INPUT RECORDS: Begin
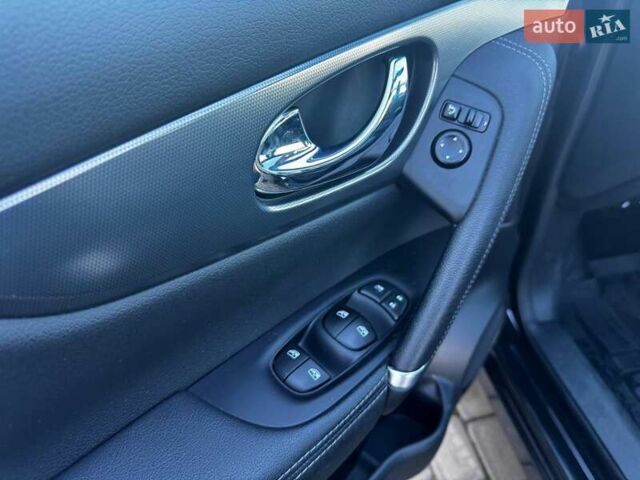 Черный Ниссан Кашкай, объемом двигателя 1.6 л и пробегом 56 тыс. км за 19350 $, фото 46 на Automoto.ua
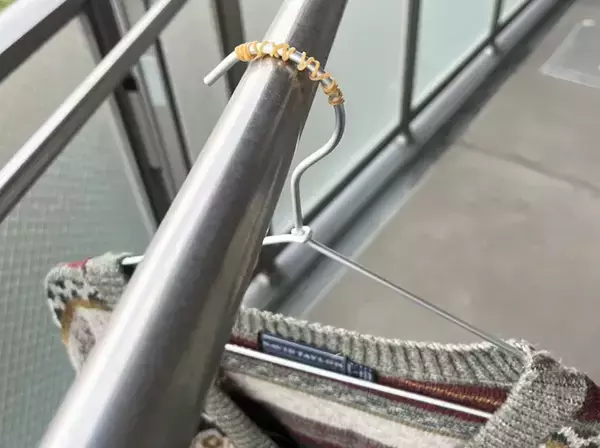 「ハンガーの『3か所』に輪ゴムを巻いてみて！　裏ワザに「これは意外と思いつかなかった…」」の画像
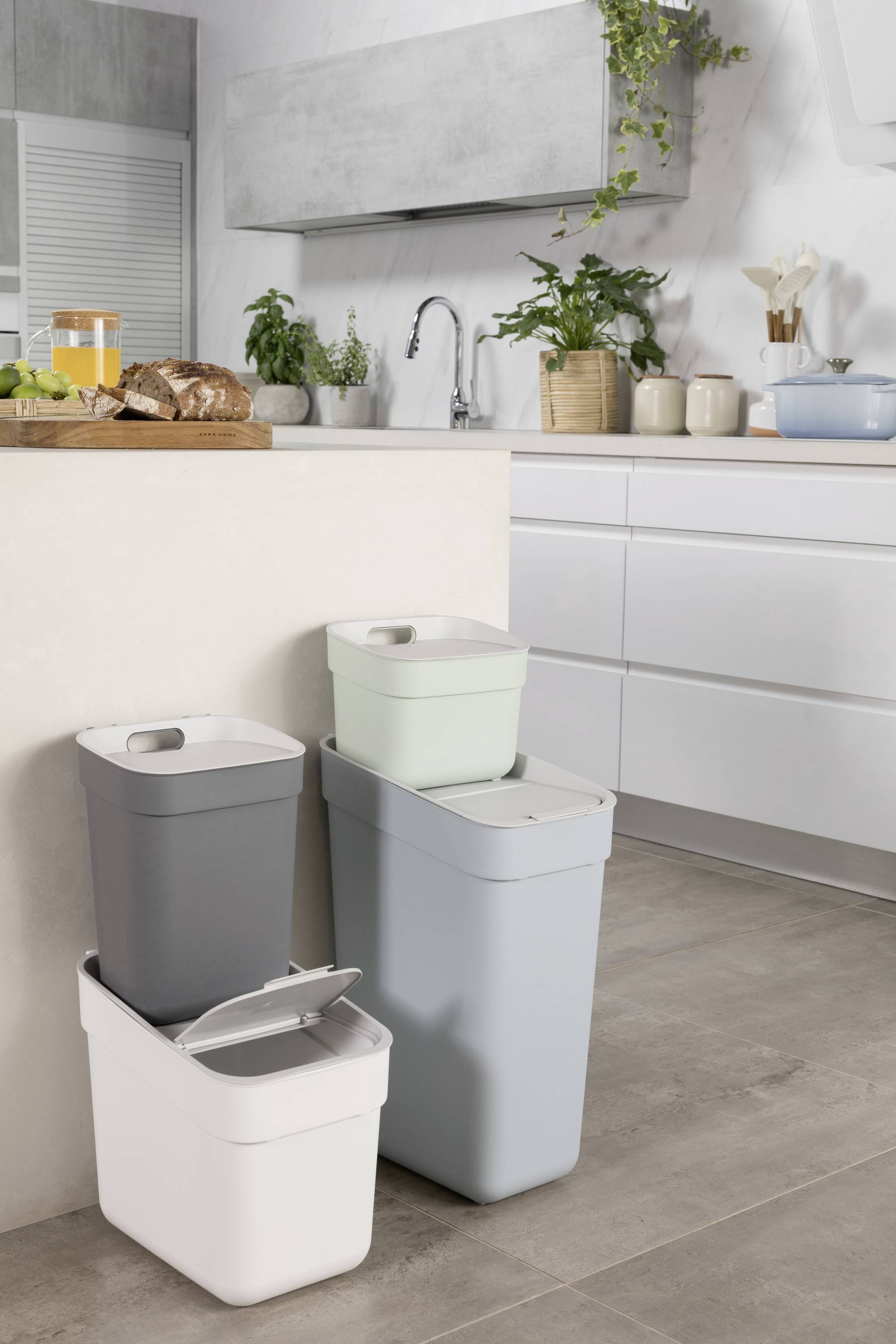 Curver 252105 252105 odpadkový koš, recyklovaný plast, bílá, s držákem na stěnu, 1 ks-2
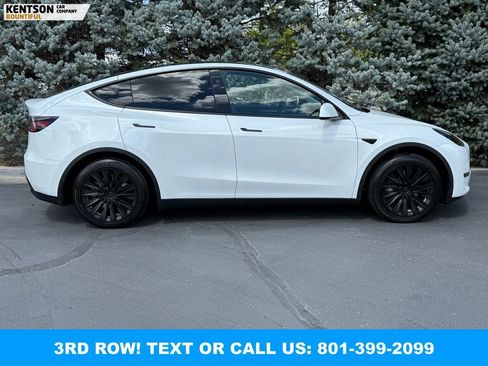 Used 2024 Tesla Model Y Long Range AWD/4WD image 10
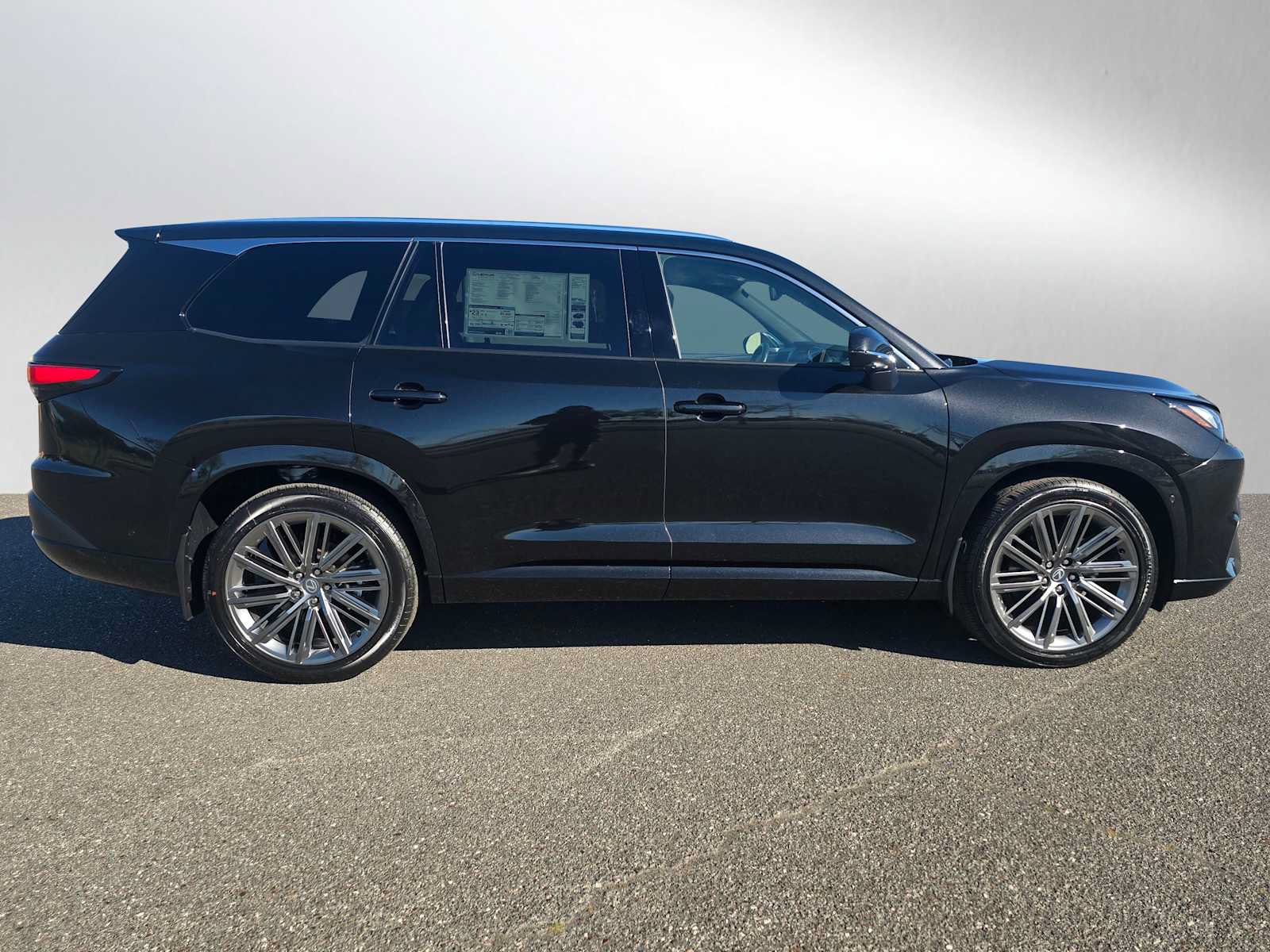 New 2026 Lexus TX 350 AWD image 2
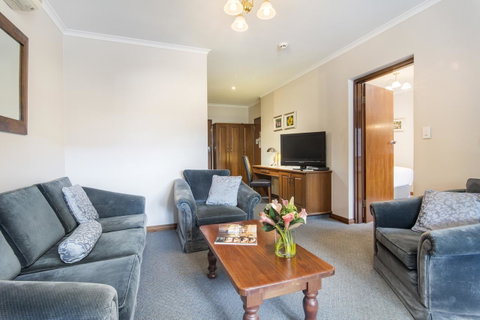 Adelaide Inn - Accommodation Burleigh 15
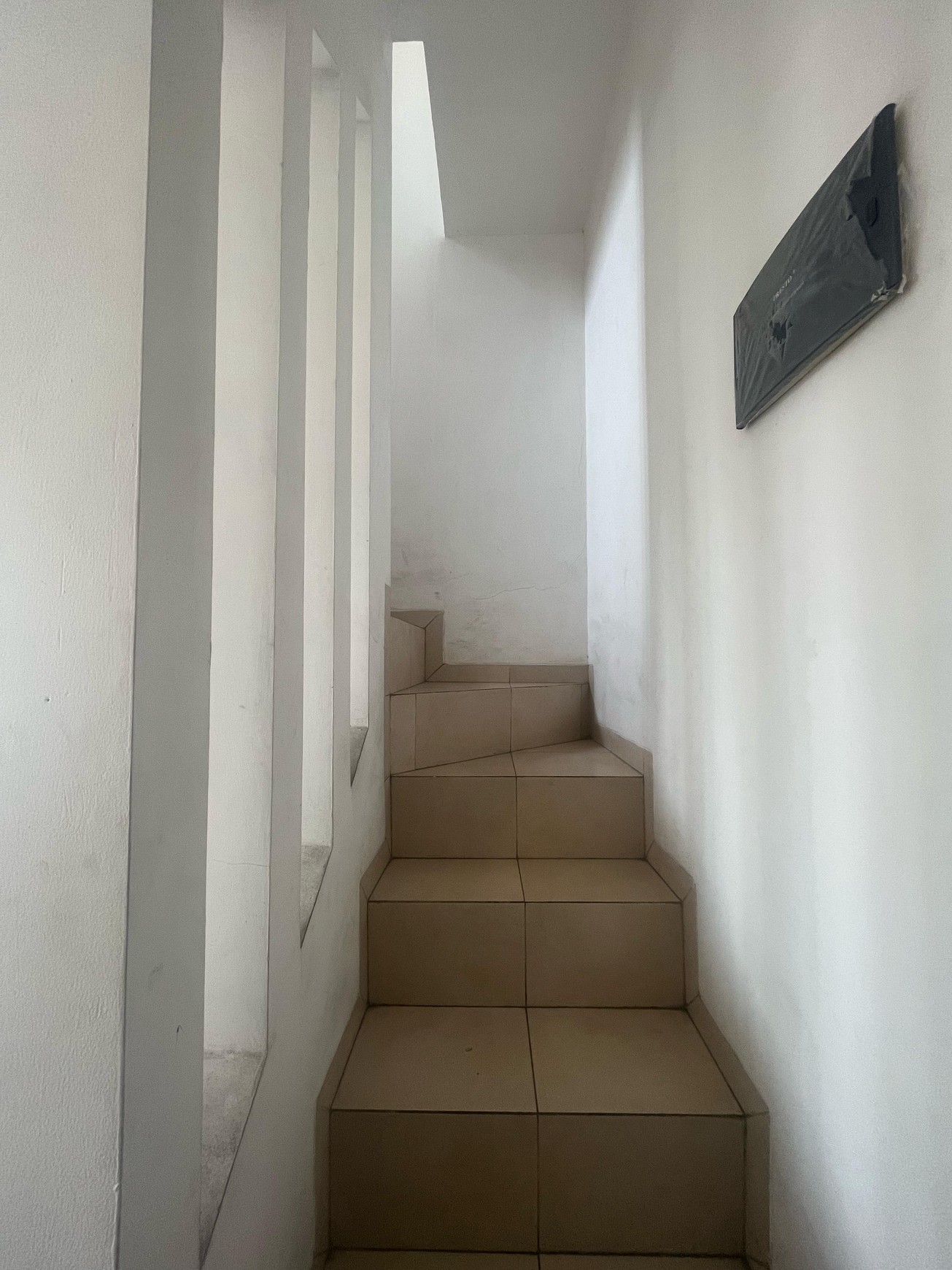 Jual Rumah Surabaya Timur 2 Lantai Cocok untuk Keluarga Besar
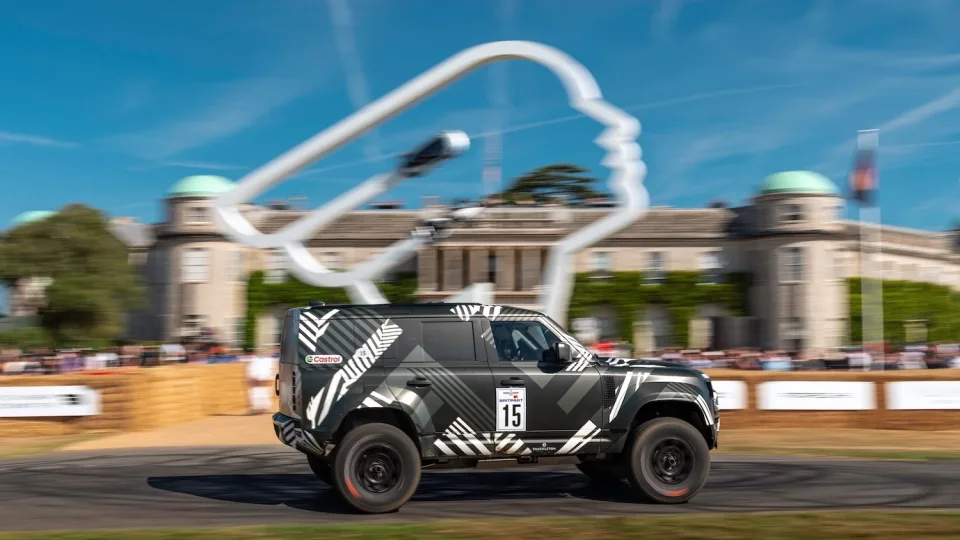 Naujasis Roko Baciuškos „Defender Dakar D7X-R“ prototipas pristatytas Gudvudo greičio festivalyje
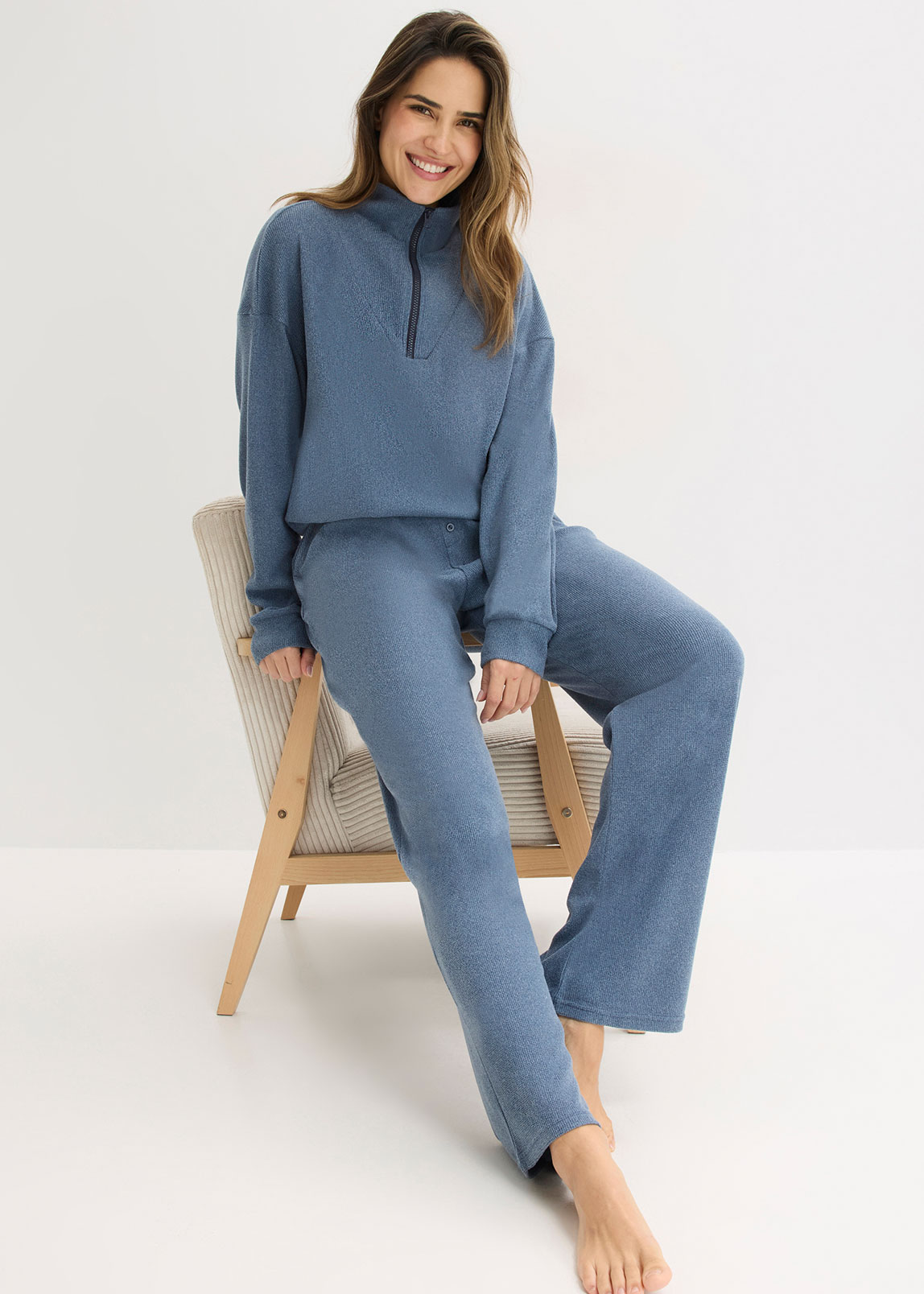 Gemütlicher dunkelblauer Hausanzug.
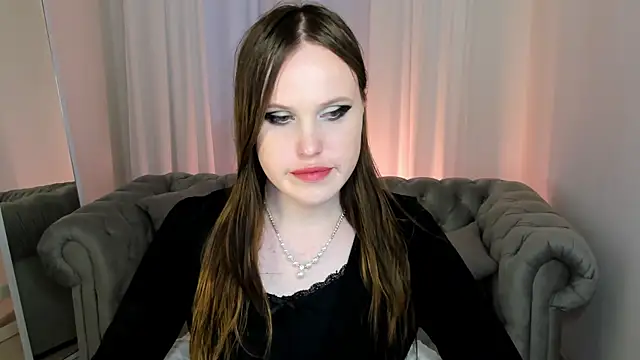 EffieMinki online show from 07.05.26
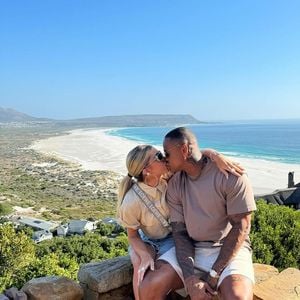 Leo Santana e Lore Improta engataram o namoro em 2017 e tiveram umas 4 separações até a reconciliação definitiva em 2020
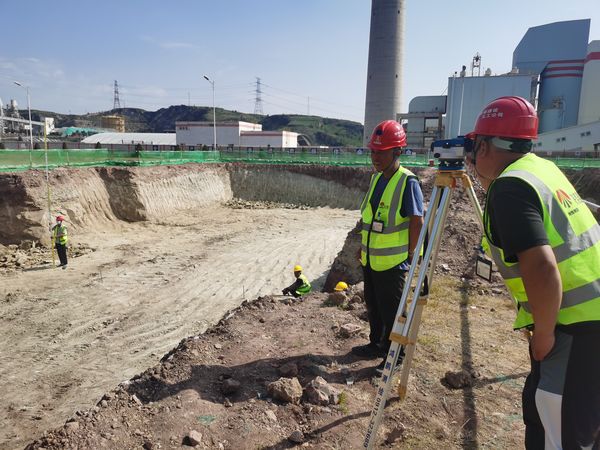 陜煤建設天工公司施工前沿以高溫“烤”驗，“暑”寫勞動畫卷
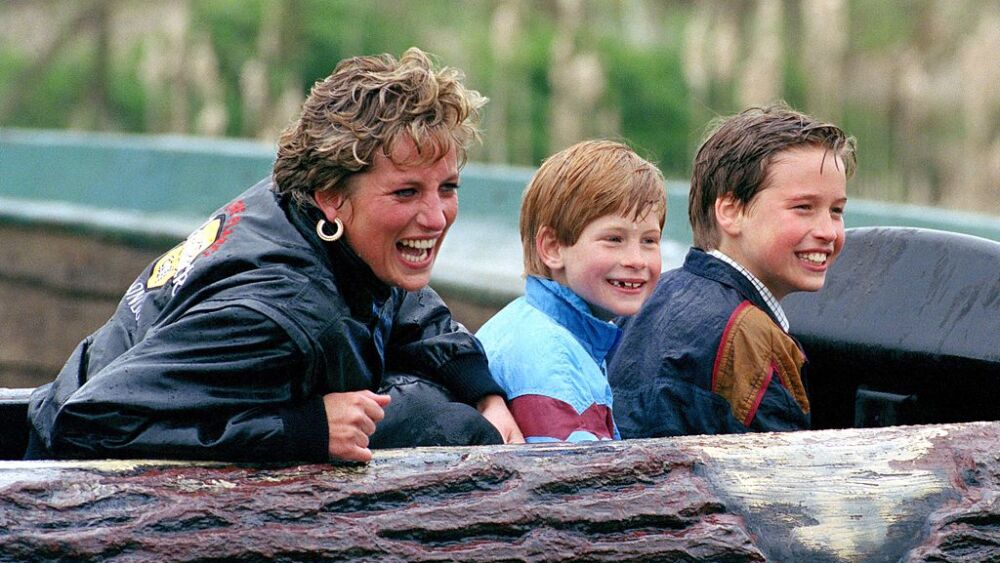 Diana con Harry y William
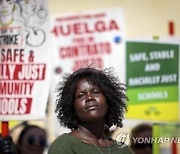 CORRECTION Oakland Teachers Strike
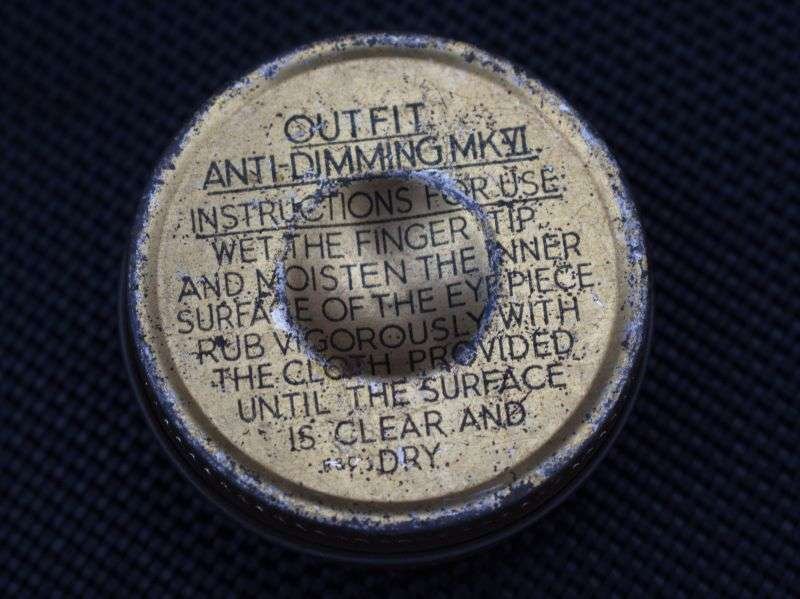 117) WW2 Outfit Anti-Dimming MKVI For Cleaning Respirator RAF Goggles Lenses ETC 1942 — image 7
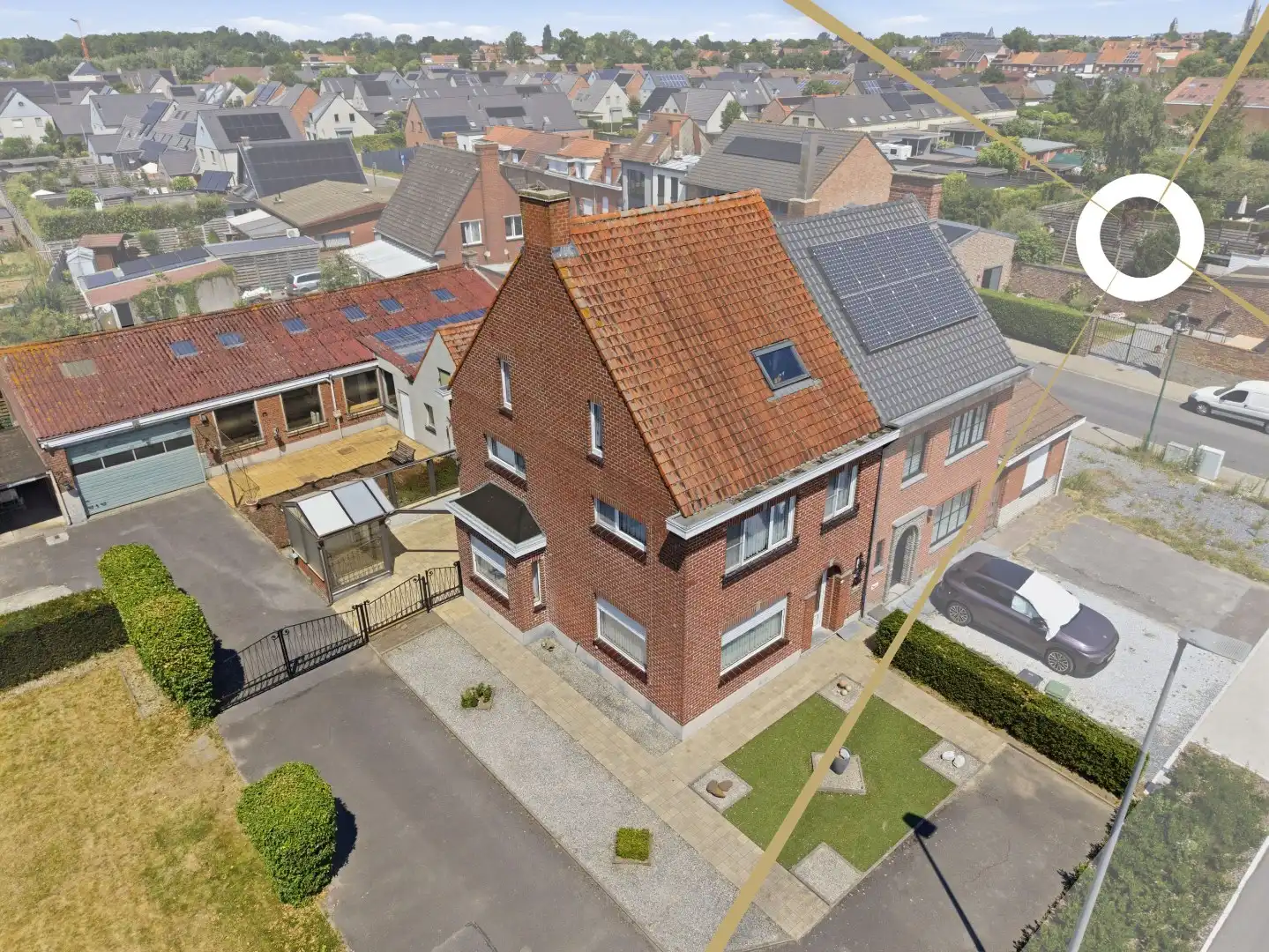 Hoofdfoto van de publicatie: Ruime halfopen bebouwing met loods van 200 m² op een perceel van 919 m²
INPUT RECORDS: End
**WHAT IS BEING ASKED**
A verbatim copy of every entry above, with no pictures, is the expected output.

**ANSWER SPACE**
 Черный Ниссан Кашкай, объемом двигателя 1.6 л и пробегом 56 тыс. км за 19350 $, фото 46 на Automoto.ua
 「ハンガーの『3か所』に輪ゴムを巻いてみて！　裏ワザに「これは意外と思いつかなかった…」」の画像
 Curver 252105 252105 odpadkový koš, recyklovaný plast, bílá, s držákem na stěnu, 1 ks-2
 Used 2024 Tesla Model Y Long Range AWD/4WD image 10
 New 2026 Lexus TX 350 AWD image 2
 Adelaide Inn - Accommodation Burleigh 15
 Jual Rumah Surabaya Timur 2 Lantai Cocok untuk Keluarga Besar
 Naujasis Roko Baciuškos „Defender Dakar D7X-R“ prototipas pristatytas Gudvudo greičio festivalyje
 Gemütlicher dunkelblauer Hausanzug.
 EffieMinki online show from 07.05.26
 Leo Santana e Lore Improta engataram o namoro em 2017 e tiveram umas 4 separações até a reconciliação definitiva em 2020
 陜煤建設天工公司施工前沿以高溫“烤”驗，“暑”寫勞動畫卷
 Diana con Harry y William
 CORRECTION Oakland Teachers Strike
 117) WW2 Outfit Anti-Dimming MKVI For Cleaning Respirator RAF Goggles Lenses ETC 1942 — image 7
 Hoofdfoto van de publicatie: Ruime halfopen bebouwing met loods van 200 m² op een perceel van 919 m²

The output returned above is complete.